__Task item__. Only the stretch below from the line holding "In the remove_watchlist_process.php" through the line holding "Welcome to OneStopJavaSolutions." should be restated, word for word and with both ends included; pictures stay out.
==== Excerpted data
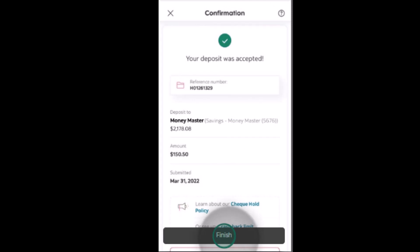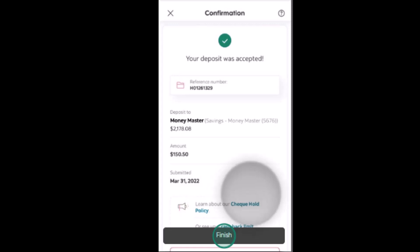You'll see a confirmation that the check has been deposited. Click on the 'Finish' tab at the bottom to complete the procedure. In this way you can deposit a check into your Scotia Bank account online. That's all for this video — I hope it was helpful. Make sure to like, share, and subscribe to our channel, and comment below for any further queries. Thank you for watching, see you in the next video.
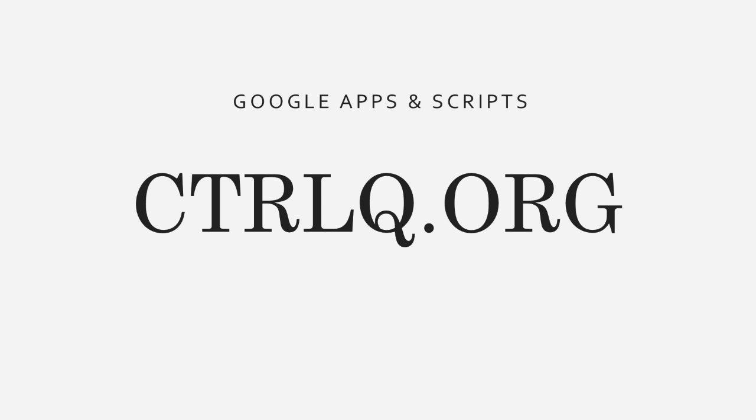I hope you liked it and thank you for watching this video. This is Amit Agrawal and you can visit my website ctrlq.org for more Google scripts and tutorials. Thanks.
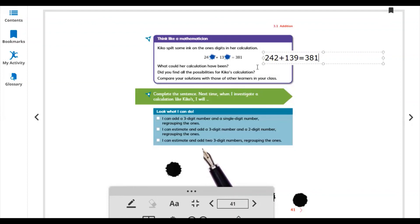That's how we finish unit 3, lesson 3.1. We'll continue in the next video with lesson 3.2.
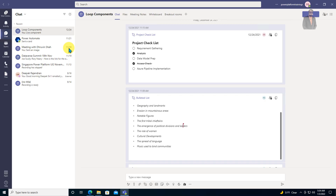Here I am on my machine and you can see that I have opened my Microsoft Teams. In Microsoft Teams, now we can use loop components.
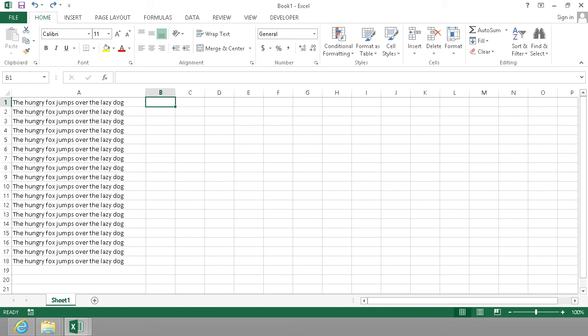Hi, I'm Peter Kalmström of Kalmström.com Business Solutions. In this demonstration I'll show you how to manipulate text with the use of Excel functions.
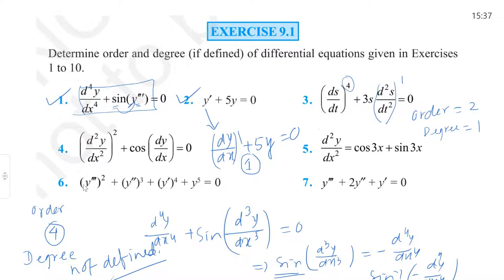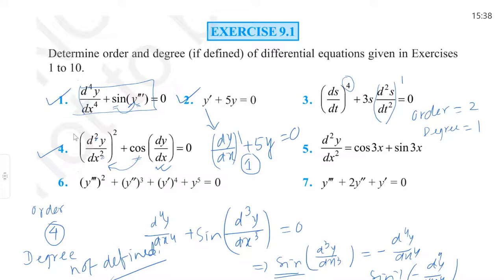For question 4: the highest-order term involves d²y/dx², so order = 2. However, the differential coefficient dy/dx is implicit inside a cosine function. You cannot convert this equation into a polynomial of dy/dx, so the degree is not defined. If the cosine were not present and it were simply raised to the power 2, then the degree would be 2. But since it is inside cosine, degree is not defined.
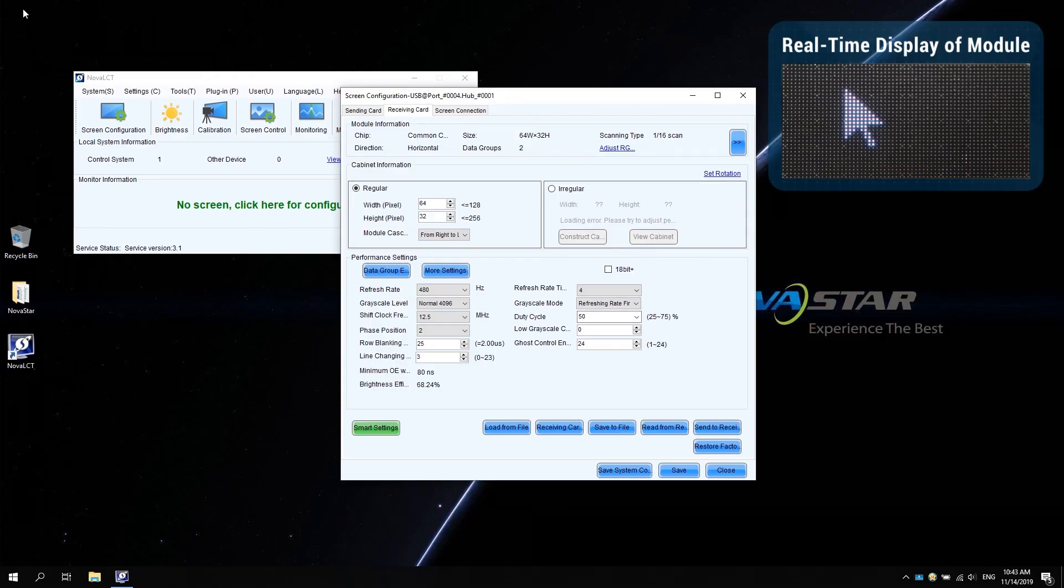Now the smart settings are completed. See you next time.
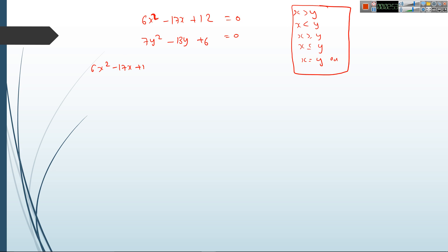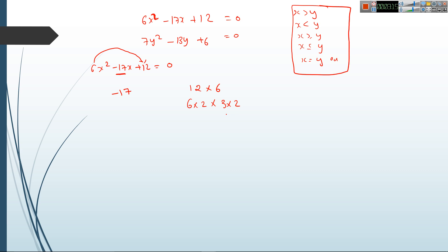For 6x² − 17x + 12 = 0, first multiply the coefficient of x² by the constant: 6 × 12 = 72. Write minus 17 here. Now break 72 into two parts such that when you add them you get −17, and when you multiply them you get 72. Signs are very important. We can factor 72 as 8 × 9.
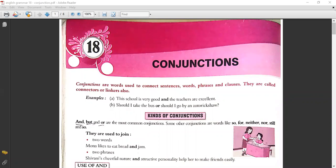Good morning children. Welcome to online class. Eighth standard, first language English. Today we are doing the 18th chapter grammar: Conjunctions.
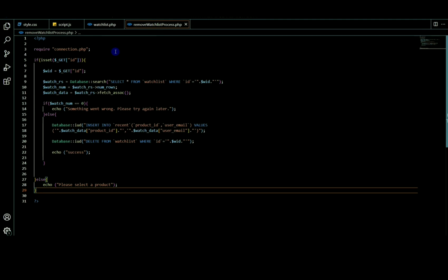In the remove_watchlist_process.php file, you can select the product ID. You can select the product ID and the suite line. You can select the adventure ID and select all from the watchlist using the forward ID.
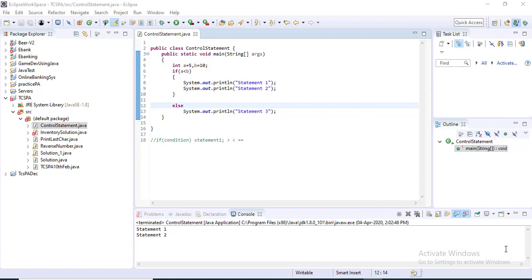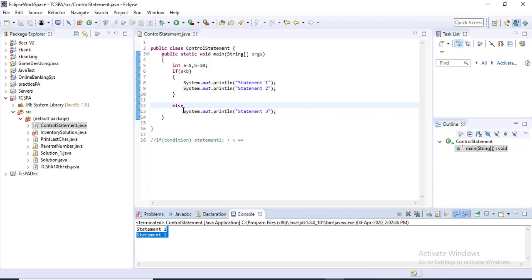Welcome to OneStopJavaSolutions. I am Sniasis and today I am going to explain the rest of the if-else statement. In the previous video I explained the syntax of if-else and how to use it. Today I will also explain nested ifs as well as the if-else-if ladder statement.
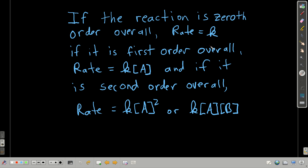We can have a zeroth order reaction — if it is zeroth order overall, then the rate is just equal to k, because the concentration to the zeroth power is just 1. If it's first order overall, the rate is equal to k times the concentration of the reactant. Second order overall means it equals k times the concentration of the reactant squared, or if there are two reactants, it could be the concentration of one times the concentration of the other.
========
__Written solution__.
In the remove_watchlist_process.php file, you can select the product ID. You can select the product ID and the suite line. You can select the adventure ID and select all from the watchlist using the forward ID.
Welcome to OneStopJavaSolutions. I am Sniasis and today I am going to explain the rest of the if-else statement. In the previous video I explained the syntax of if-else and how to use it. Today I will also explain nested ifs as well as the if-else-if ladder statement.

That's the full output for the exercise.